In order to highlight the current climate change crisis and emphasize the importance of making a change in daily habits, the World Wildlife Fund and cities around the globe came together to celebrate this year’s Earth Hour.
The worldwide annual event took place on March 27 and started at 8:30 p.m. local time. One hundred twenty-six countries on all seven continents participated.
The goal of this year’s Earth Hour was to have an increased number of participants throughout cities and communities around the globe. According to EarthHour.org, an estimated 1 billion people participated in this year’s event by turning down lights.
“It was a success,” said Dan Forman, manager of public relations for WWF. “We had 126 countries that participated this year up from 88 last year. It is amazing.”
The event was created three years ago by the WWF. Their mission is to take a strong stance against climate change and raise environmental awareness on a global scale.
A majority of densely populated cities in the United States participated, including Chicago.
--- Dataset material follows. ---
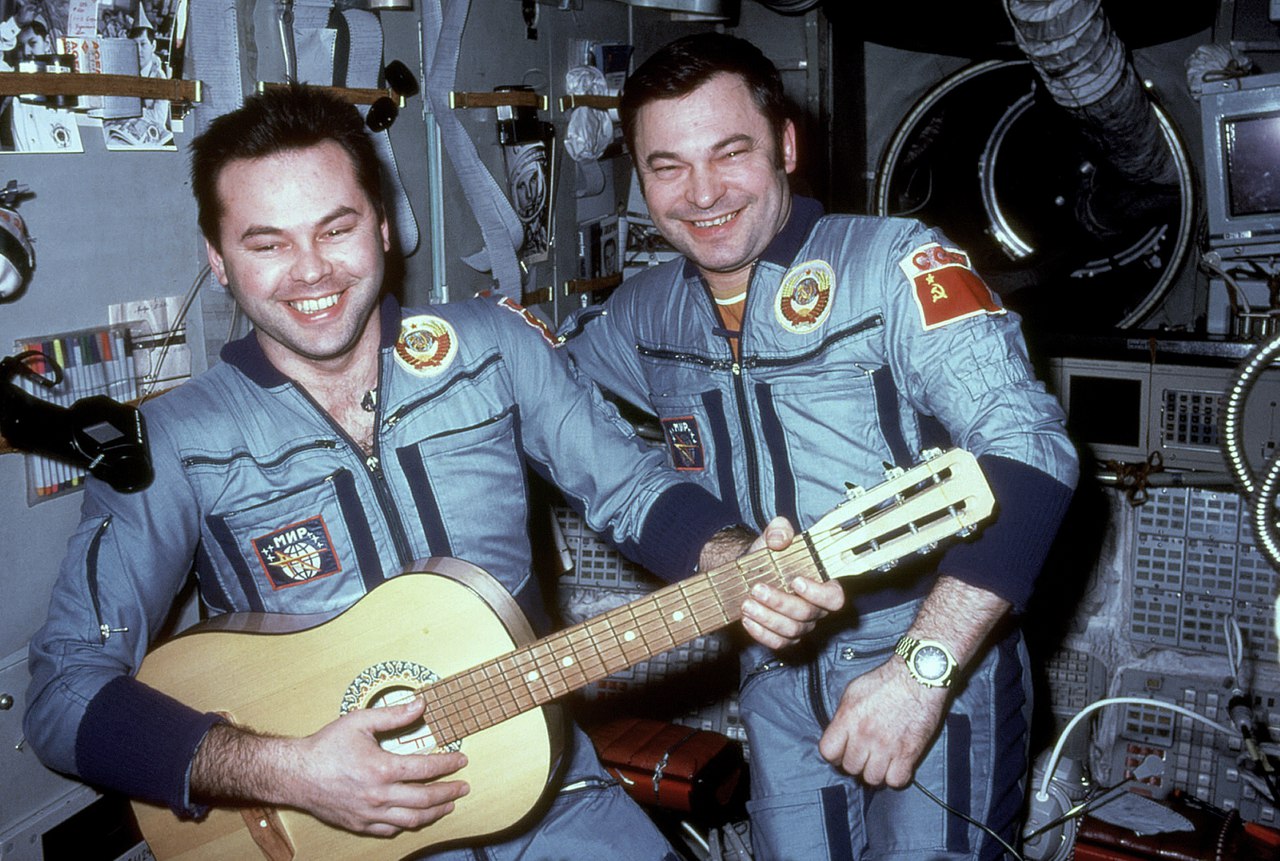 Интервью с космонавтом Александром Лавейкиным о космическом кино, перегрузках в 20 единиц и мягкой посадке - 5 image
More than 200 buildings downtown joined in. The Navy Pier ferris wheel was dimmed for an hour, as well as the marquees outside Wrigley Field and the Chicago Theatre.
ComEd sponsored the city’s Earth Hour. During the event there was an approximate 1 percent decline of electricity usage which was a noticeable change, according to Peter Pedraza, spokesman for ComEd. A 1 percent decrease is about equivalent to removing 124,320 pounds of carbon dioxide from Earth’s atmosphere.
“People care more about the climate now than ever before and every little bit helps,” Forman said.
Forman also mentioned this year, especially, there was a large response from government officials. Many state capitol buildings and governors’ mansions did their part by turning off non-essential lighting.
“Earth Hour sends a clear message that Americans care about their country and the planet,” said Leslie Aun, Earth Hour U.S. managing director, in a public statement. “By turning the lights off on pollution and climate change, we will make the switch to a cleaner, safer and more secure world.”
Outside Chicago, monuments and landmarks such as Mount Rushmore in South Dakota, Niagara Falls in New York and the National Cathedral in Washington, D.C. also took part in Earth Hour.
Globally, landmarks like Paris’ Eiffel Tower, The Great Pyramids of Giza and the Sydney Opera House showed their support as well.
Seventy college campuses across the country, including Columbia, celebrated Earth Hour.
“It was great; we had lights out in all of the buildings,” said John Wawrzaszek, recycling manager at Columbia.
Wawrzaszek also said Columbia has been making an attempt to be more energy efficient by placing timers on many of the lights and electrical sources throughout campus.
Organizations such as The National Education Association, Earth Day Network and the National Honor Society pledged their support, along with businesses like Coca-Cola and Ikea.
“The collaboration process is what makes Earth Hour so special,” Forman said.
World Wildlife Fund officials said they stressed the importance of safety during the hour-long event and asked that lighting pertaining to public safety remain on. Besides Earth Hour, which is their largest project, the organization works to reduce emissions, improve efficiency and stop tropical deforestation.
Although Earth Hour is complete for the year, the WWF will continue to work throughout the year on several projects including Earth Day.
“We work very closely with Earth Day groups,” Forman said. “We are going to be down on the mall [in D.C.] with them on Earth Day.”
This year marks the 40th anniversary of Earth Day, which will take place on April 22.
The National Mall in D.C. will celebrate the anniversary and on April 25 there will be a rally for climate change. The purpose of the rally is to demand Congress take action towards clean energy in 2010.